The external flashbacks that frequently interrupt the narrative fill us in on what really happened on that fateful day many years ago, when the two brothers were ‘ticking off’ school: a young girl had been brutally murdered. And, despite Mikey taking all the blame for the crime at the time, it eventually emerges that it was, in fact, Paul ‘who-dun-it’. This revelation, when it comes, is by no means surprising: all the hints at Paul’s wickedness and estranging unreliability up until that point are too obvious and repetitive. We can now, as careful readers, finally congratulate ourselves on having ‘known it all along’.

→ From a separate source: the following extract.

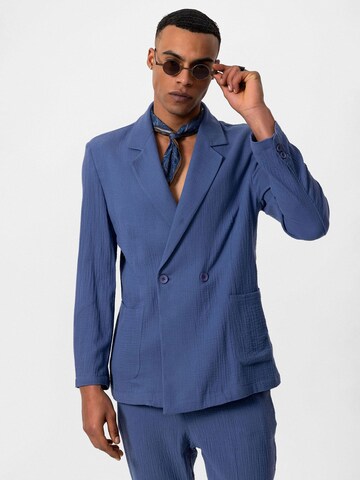 Coupe regular Veste de costume Antioch en bleu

What this disclosure does, however, is make us doubt and question absolutely everything we have been told before: what was real, and what was merely a figment of Paul’s deranged imagination? Remarkably, this early revelation by no means impedes the novel’s suspense, as we still want to find out the true reason for Paul’s unreliability: it is never quite certain whether Paul’s unreliable narration derives from a premeditated, sinister and devious motive; whether it serves as a coping mechanism; or whether it, in fact, represents the ravings of a remorseless madman. And, Shand masterfully keeps us guessing until the (slightly confusing and perhaps unnecessarily overladen) end.
Fallow owes much to its predecessors of Scottish literature. When it comes to animal cruelty and the genuinely disturbing psychosis of a deranged protagonist, parallels to Iain Banks’s The Wasp Factory could certainly be drawn. With regard to the matter-of-fact treatment of the various killings committed and the novel’s morose, laconic dialogue Magnus Mills’s ‘Scottish novel’ The Restraint of Beasts comes to mind. As regards unreliable narration, and doppelgänger or evil-sibling tropes, there are also some recognizable undertones and echoes of Robert Louis Stevenson’s Dr Jekyll and Mr Hyde, Kidnapped and The Master of Ballantrae as well as James Hogg’s Confessions of a Justified Sinner. Moreover, Paul’s conceit as well as his thrawn and fanatical determination to ‘show them all’ are somewhat reminiscent of Scotland’s two great literary bullies, John Gourlay from George Douglas Brown’s The House With the Green Shutters, and James Brodie from A. J. Cronin’s Hatter’s Castle. We even have a nod towards Renton’s famous sermon-at-the-bottom-of-the-mount.
In Fallow, Daniel Shand puts these influences to excellent use to present us with a truly harrowing tale that self-assuredly combines picaresque elements with a fascinating psychological study. Shand’s debut novel is at times darkly comic, at others disturbingly unnerving. The powerful characters, the creative use of language, and the strong settings are particularly effective. And, notwithstanding some minor shortcomings, Fallow remains an exhilarating and gripping read indeed, albeit not one for the faint-hearted.